**Work order**
Below this line is a listing that includes pictures. Copy exactly, and only, the lines from the one containing "Detailed macro view" through the one containing "Big,Excavator,On,New,Construction,Site,,In,The,Background,The"; the pictures do not go in the copy.

**Data for this exercise**
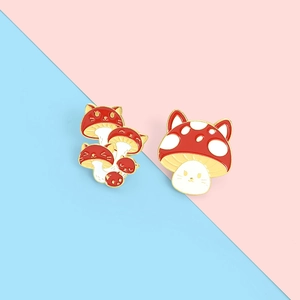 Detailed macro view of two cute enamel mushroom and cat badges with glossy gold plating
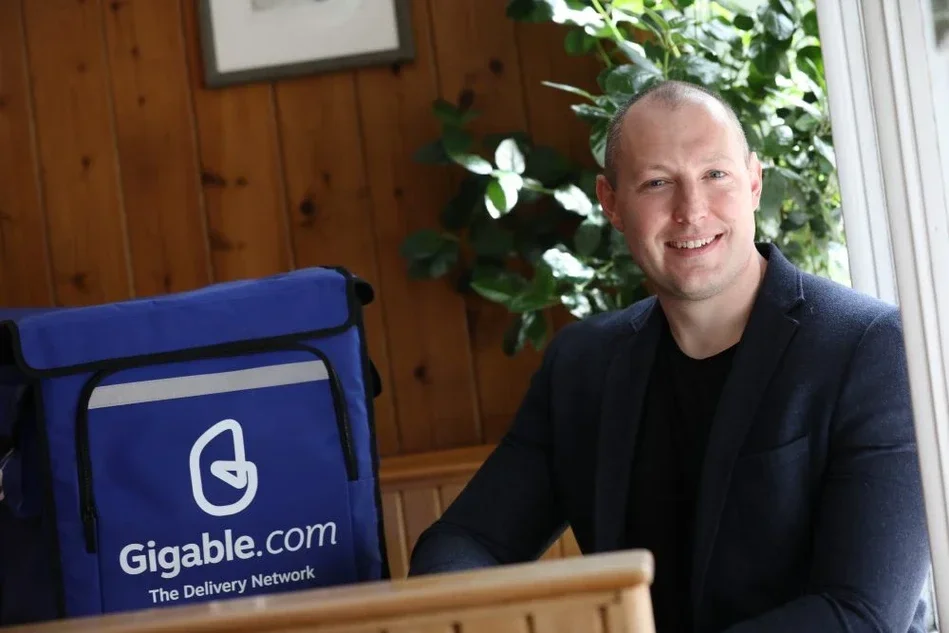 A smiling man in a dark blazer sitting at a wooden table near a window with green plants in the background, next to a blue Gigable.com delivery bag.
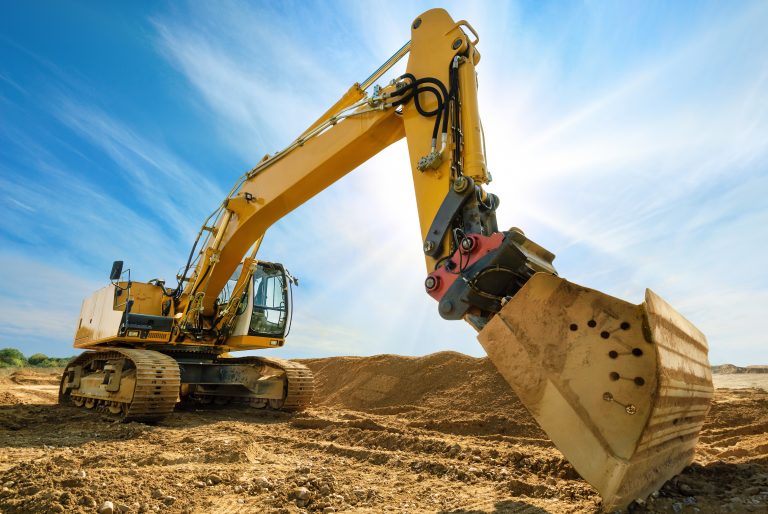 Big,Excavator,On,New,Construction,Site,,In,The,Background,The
--
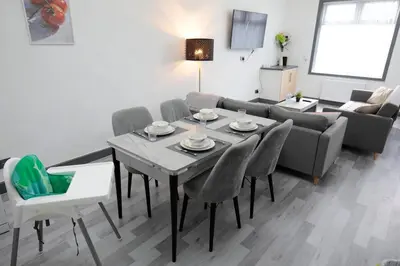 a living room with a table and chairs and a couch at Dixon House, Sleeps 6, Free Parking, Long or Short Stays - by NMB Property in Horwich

**Reply**
 Detailed macro view of two cute enamel mushroom and cat badges with glossy gold plating
 A smiling man in a dark blazer sitting at a wooden table near a window with green plants in the background, next to a blue Gigable.com delivery bag.
 Big,Excavator,On,New,Construction,Site,,In,The,Background,The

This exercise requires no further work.